> EXERCISE INSTRUCTIONS
Output the line containing "Tatuajes en el" and each line after it through the end of the data, exactly as written, with pictures left out.

*** MATERIAL PROVIDED

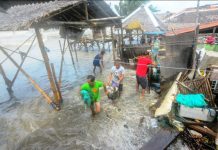 Close to 100 houses hit by storm surge These residents of the coastal barangay Sto. Niño Sur, Arevalo, Iloilo City salvage whatever things they can from their houses that are being battered by big waves. IAN PAUL CORDERO/PN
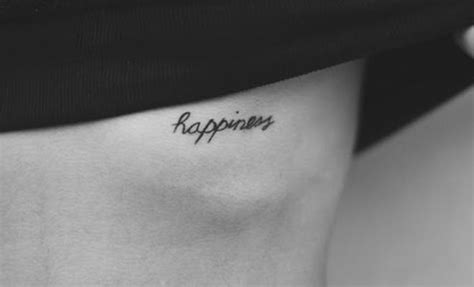 Tatuajes en el pecho para mujeres: 61 frases inspiradoras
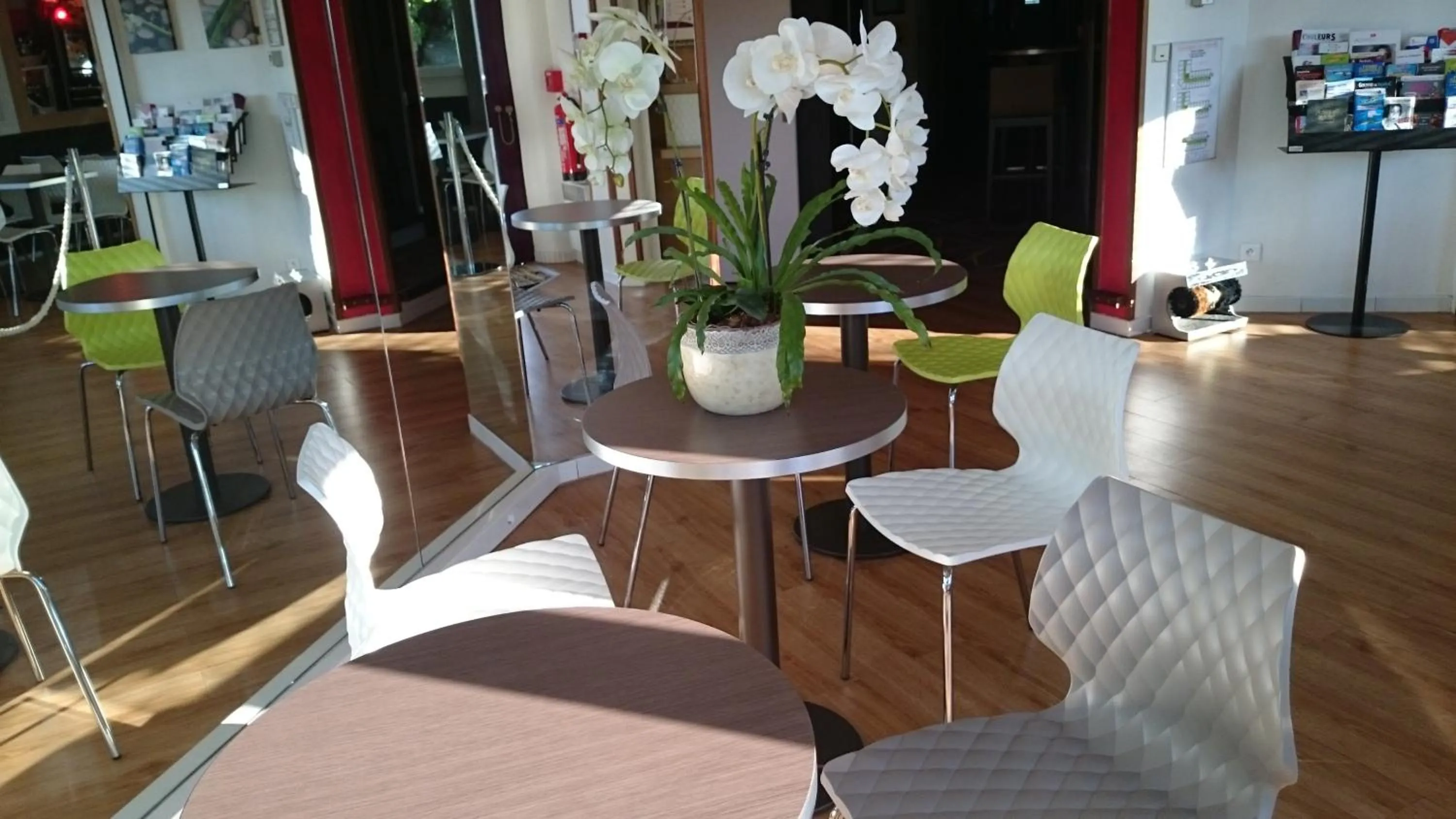 Lobby or reception in A&H PRIVILÈGE Lyon Est - Saint Priest Eurexpo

******

> SOLVED EXERCISE
 Tatuajes en el pecho para mujeres: 61 frases inspiradoras
 Lobby or reception in A&H PRIVILÈGE Lyon Est - Saint Priest Eurexpo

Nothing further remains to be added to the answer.